**Record excerpts:**

------

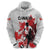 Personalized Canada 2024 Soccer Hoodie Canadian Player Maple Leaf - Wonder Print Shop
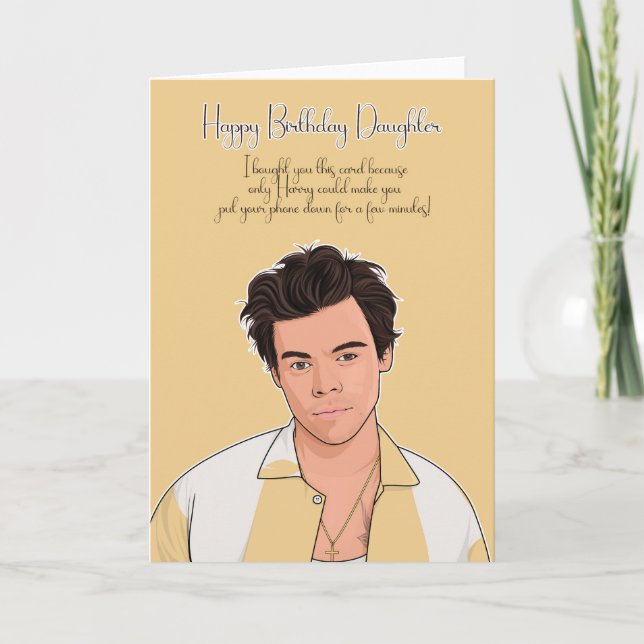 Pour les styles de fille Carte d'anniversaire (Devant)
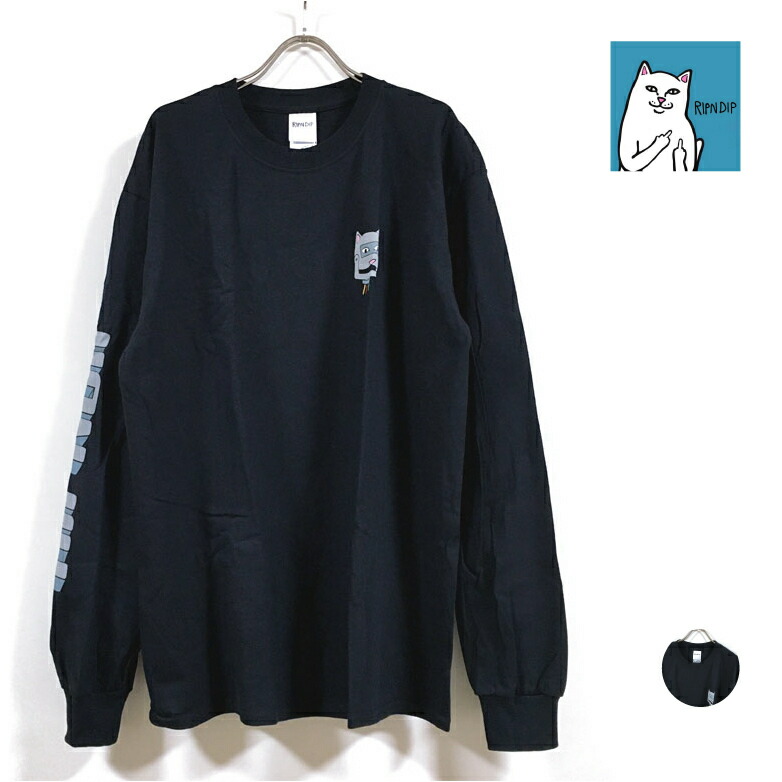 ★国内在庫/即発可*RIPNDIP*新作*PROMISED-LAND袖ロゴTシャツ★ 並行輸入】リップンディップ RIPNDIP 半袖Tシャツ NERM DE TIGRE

------

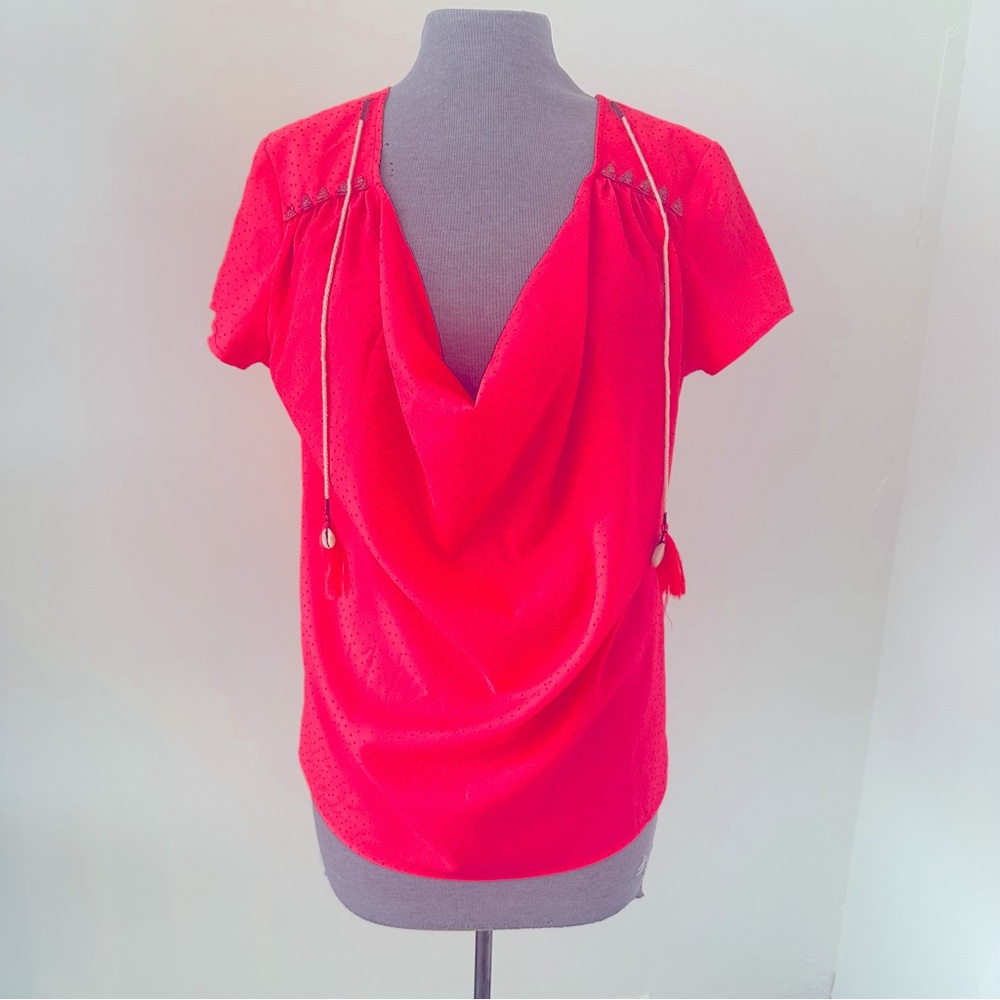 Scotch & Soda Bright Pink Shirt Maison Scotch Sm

------

Both boundary lines included, write out word for word only the lines above from the one containing "Pour les styles" to the one containing "NERM DE TIGRE", leaving out any pictures.

**Answer section:**
 Pour les styles de fille Carte d'anniversaire (Devant)
 ★国内在庫/即発可*RIPNDIP*新作*PROMISED-LAND袖ロゴTシャツ★ 並行輸入】リップンディップ RIPNDIP 半袖Tシャツ NERM DE TIGRE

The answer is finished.